▶ **To do**
Set down again exactly the lines of the listing below that fall between the line holding "TX license plate CYU4133" and the line holding "ECA Luna Ankastre", inclusive.

=== Supplied records ===

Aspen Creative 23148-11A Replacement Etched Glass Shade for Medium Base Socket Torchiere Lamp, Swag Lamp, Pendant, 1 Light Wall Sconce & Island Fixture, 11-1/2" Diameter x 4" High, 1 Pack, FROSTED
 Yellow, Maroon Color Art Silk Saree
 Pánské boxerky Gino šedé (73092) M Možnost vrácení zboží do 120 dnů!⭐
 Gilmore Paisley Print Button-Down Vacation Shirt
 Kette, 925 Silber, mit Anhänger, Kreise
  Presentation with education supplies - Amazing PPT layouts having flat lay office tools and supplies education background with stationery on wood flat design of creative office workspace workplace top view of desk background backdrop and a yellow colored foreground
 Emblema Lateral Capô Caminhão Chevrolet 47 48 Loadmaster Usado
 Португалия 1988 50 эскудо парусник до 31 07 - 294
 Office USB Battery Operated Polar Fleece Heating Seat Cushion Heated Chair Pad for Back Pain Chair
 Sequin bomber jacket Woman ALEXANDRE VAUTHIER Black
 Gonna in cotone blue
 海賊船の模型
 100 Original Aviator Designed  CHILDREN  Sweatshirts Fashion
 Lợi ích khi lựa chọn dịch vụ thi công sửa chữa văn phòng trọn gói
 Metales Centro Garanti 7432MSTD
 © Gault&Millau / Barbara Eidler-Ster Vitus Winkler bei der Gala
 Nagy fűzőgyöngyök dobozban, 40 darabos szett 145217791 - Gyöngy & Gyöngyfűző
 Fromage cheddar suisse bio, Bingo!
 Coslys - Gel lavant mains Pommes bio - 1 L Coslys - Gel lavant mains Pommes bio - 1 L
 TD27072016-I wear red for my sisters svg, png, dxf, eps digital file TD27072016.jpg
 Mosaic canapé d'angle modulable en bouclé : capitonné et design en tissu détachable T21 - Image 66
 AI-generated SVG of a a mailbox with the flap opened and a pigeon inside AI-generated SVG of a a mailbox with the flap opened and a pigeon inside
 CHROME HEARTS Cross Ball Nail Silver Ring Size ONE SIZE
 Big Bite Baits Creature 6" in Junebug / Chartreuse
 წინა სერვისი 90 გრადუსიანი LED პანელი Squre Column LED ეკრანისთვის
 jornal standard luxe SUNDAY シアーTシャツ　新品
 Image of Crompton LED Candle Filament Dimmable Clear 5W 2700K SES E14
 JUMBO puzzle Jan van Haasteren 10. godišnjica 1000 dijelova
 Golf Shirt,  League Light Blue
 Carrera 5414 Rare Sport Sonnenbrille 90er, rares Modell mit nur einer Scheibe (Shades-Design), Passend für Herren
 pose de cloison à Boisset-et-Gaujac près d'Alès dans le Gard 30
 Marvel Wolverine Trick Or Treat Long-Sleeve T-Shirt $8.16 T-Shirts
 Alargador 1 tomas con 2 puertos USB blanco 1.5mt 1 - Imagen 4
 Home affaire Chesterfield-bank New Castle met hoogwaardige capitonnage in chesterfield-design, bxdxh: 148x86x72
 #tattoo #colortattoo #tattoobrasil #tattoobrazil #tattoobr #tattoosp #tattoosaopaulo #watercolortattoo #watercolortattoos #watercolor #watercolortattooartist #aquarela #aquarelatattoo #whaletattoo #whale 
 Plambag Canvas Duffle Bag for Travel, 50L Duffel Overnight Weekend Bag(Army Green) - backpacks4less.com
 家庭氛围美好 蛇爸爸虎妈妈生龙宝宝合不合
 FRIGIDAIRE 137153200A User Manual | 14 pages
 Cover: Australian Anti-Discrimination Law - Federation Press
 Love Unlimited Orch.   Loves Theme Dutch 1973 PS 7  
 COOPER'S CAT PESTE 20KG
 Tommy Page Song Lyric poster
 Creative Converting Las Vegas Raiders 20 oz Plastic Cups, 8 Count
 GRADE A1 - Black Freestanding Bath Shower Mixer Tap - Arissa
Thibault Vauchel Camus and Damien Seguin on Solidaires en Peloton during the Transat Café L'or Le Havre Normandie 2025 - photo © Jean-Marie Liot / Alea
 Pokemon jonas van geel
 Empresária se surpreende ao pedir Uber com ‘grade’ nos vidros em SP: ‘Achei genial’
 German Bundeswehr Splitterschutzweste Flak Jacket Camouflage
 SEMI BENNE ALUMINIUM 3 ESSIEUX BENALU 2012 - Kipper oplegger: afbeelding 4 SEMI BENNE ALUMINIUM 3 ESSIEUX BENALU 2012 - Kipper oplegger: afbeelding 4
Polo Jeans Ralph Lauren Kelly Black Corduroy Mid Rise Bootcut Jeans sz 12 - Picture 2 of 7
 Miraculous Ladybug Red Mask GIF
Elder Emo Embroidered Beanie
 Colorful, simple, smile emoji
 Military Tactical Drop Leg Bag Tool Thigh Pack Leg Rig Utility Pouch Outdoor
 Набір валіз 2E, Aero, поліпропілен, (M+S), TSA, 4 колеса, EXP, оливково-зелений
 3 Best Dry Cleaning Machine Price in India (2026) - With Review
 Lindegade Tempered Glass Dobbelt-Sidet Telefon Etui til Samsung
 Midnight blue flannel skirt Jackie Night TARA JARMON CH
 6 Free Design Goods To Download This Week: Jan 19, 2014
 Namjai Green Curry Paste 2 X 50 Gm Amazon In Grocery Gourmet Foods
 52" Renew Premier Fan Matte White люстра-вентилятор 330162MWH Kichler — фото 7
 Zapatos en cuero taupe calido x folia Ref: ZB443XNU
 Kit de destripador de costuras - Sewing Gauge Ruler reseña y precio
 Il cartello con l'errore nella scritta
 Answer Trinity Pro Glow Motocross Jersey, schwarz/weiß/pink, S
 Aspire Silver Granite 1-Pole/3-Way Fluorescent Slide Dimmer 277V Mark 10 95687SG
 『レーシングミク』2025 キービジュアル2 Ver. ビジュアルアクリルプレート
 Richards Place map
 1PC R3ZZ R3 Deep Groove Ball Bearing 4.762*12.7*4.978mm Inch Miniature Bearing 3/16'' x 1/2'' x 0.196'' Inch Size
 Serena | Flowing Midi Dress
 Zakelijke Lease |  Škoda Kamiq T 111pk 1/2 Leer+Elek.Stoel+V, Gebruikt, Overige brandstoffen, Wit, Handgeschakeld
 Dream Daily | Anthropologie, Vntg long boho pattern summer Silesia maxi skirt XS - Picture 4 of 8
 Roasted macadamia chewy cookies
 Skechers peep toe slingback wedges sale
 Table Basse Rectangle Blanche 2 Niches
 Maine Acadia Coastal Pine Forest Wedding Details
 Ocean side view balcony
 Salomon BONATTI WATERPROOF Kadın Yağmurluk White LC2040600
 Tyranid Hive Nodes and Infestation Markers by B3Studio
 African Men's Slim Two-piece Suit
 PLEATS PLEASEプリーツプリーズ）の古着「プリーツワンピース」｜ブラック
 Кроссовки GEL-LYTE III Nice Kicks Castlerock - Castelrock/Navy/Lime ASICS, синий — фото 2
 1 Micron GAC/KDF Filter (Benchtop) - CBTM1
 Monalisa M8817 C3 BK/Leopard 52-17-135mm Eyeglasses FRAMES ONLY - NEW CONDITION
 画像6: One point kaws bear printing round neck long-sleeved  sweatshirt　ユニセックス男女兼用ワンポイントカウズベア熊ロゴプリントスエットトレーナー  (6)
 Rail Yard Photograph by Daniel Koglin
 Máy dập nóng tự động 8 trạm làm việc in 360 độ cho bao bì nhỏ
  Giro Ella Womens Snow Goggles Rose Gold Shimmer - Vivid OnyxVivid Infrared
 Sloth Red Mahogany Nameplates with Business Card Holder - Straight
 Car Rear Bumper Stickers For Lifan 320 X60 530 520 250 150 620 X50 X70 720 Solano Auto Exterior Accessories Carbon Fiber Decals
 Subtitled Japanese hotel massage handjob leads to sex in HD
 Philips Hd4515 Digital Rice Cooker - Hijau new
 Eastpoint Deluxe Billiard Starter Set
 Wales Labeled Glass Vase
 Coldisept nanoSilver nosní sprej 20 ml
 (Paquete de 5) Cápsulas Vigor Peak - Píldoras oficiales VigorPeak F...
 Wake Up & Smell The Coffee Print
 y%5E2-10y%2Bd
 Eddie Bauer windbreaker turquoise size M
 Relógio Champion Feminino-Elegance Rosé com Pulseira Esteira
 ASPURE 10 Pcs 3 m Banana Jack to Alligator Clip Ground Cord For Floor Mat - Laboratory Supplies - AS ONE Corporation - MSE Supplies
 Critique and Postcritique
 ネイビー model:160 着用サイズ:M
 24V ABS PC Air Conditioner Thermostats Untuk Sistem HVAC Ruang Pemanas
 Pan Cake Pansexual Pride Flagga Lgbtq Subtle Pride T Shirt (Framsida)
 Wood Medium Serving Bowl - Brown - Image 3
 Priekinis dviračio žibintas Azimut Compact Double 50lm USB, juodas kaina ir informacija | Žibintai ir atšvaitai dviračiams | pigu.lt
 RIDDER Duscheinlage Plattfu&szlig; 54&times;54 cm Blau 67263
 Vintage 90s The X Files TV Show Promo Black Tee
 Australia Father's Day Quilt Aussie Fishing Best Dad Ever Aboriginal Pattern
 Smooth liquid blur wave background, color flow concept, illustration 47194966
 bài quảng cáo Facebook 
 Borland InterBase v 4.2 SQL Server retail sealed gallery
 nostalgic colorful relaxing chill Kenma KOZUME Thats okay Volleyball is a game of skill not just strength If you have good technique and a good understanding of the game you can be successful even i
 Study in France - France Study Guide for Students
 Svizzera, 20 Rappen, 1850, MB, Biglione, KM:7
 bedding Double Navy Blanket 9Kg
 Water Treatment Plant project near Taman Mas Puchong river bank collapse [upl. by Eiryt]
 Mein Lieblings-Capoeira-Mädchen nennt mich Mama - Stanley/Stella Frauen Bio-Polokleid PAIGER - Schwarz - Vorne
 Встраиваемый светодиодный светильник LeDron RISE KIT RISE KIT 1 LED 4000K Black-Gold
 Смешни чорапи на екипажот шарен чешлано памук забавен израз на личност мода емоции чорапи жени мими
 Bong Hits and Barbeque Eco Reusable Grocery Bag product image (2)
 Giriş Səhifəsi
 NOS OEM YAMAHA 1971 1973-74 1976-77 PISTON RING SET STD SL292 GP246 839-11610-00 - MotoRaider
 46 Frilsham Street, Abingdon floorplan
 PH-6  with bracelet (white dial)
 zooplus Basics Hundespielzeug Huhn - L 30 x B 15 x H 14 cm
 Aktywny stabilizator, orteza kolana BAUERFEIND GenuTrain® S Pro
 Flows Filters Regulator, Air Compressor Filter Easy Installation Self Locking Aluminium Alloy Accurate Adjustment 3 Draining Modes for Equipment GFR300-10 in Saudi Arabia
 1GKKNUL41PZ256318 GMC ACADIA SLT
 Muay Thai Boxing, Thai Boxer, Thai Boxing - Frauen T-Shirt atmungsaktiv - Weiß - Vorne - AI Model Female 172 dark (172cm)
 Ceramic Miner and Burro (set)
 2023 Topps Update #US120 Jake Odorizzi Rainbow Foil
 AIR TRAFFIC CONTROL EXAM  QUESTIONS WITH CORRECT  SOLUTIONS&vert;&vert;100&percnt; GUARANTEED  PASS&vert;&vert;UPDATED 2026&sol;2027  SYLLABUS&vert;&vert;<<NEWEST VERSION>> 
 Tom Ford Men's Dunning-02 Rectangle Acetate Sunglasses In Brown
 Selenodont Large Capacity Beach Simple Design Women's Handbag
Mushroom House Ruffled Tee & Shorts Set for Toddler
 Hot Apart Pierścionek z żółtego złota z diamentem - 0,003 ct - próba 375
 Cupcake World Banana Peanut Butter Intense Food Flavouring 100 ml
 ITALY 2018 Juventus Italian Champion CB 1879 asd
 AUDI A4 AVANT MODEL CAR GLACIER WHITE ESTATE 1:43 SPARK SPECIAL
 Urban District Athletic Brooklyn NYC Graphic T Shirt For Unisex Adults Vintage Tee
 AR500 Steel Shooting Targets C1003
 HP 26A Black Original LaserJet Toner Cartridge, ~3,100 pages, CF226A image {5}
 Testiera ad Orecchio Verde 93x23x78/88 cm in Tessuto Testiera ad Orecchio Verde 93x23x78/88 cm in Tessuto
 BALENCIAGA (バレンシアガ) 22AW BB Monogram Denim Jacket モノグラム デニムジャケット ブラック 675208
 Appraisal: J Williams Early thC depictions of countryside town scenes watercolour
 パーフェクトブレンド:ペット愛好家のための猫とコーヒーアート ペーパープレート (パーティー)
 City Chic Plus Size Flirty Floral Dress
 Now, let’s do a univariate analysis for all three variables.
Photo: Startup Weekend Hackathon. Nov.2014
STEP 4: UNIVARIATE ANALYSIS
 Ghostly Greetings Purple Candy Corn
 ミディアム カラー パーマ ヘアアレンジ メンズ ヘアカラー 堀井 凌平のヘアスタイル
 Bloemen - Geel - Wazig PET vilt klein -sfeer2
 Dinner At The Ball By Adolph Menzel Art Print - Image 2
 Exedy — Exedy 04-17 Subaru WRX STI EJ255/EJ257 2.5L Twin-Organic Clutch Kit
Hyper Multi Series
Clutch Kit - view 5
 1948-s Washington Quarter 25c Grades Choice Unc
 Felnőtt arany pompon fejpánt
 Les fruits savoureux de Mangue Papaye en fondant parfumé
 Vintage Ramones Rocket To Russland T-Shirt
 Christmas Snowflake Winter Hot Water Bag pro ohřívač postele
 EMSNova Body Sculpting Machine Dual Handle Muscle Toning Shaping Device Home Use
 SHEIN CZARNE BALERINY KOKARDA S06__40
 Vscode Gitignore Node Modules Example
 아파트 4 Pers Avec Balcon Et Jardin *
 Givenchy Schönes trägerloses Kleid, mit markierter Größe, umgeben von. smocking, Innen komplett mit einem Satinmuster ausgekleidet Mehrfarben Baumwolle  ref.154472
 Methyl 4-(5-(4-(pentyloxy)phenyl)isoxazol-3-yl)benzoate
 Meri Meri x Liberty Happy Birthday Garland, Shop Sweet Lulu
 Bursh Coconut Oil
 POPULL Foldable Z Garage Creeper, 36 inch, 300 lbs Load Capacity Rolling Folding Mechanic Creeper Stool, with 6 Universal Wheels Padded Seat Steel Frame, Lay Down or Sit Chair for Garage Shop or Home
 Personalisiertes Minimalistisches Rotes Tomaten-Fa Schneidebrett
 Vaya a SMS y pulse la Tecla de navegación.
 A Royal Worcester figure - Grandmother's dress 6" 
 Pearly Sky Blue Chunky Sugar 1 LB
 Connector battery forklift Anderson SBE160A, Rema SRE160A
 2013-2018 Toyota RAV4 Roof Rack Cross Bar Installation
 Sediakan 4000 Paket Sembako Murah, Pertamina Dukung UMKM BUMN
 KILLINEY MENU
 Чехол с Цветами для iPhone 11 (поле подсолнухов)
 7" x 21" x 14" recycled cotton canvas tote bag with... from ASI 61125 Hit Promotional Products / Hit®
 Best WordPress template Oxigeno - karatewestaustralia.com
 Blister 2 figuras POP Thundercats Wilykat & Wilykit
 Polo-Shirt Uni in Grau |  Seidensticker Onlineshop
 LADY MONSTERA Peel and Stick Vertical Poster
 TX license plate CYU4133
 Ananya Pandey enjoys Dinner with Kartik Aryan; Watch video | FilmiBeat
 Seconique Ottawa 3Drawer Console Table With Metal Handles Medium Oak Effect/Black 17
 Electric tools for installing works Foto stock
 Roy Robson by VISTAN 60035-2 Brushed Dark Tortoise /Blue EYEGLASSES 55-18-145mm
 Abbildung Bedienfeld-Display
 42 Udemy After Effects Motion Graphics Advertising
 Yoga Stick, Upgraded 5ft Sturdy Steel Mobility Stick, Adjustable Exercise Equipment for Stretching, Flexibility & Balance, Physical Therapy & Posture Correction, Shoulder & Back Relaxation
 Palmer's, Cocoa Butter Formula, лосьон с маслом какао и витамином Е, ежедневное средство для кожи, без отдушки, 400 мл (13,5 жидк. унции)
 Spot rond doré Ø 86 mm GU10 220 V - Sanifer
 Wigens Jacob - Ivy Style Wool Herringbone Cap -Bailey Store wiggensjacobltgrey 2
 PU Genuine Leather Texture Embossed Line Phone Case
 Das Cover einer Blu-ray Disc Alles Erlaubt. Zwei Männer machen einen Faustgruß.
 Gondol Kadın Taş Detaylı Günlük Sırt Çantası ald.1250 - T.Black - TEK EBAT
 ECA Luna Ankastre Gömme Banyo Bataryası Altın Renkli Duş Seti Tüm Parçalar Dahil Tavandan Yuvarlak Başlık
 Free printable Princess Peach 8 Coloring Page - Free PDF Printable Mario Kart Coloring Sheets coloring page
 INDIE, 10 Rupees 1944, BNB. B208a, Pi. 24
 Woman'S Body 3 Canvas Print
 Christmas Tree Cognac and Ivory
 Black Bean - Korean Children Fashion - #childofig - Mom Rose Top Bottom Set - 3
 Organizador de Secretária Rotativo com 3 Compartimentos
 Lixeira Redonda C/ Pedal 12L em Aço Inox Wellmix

===

▶ **Final answer**
 TX license plate CYU4133
 Ananya Pandey enjoys Dinner with Kartik Aryan; Watch video | FilmiBeat
 Seconique Ottawa 3Drawer Console Table With Metal Handles Medium Oak Effect/Black 17
 Electric tools for installing works Foto stock
 Roy Robson by VISTAN 60035-2 Brushed Dark Tortoise /Blue EYEGLASSES 55-18-145mm
 Abbildung Bedienfeld-Display
 42 Udemy After Effects Motion Graphics Advertising
 Yoga Stick, Upgraded 5ft Sturdy Steel Mobility Stick, Adjustable Exercise Equipment for Stretching, Flexibility & Balance, Physical Therapy & Posture Correction, Shoulder & Back Relaxation
 Palmer's, Cocoa Butter Formula, лосьон с маслом какао и витамином Е, ежедневное средство для кожи, без отдушки, 400 мл (13,5 жидк. унции)
 Spot rond doré Ø 86 mm GU10 220 V - Sanifer
 Wigens Jacob - Ivy Style Wool Herringbone Cap -Bailey Store wiggensjacobltgrey 2
 PU Genuine Leather Texture Embossed Line Phone Case
 Das Cover einer Blu-ray Disc Alles Erlaubt. Zwei Männer machen einen Faustgruß.
 Gondol Kadın Taş Detaylı Günlük Sırt Çantası ald.1250 - T.Black - TEK EBAT
 ECA Luna Ankastre Gömme Banyo Bataryası Altın Renkli Duş Seti Tüm Parçalar Dahil Tavandan Yuvarlak Başlık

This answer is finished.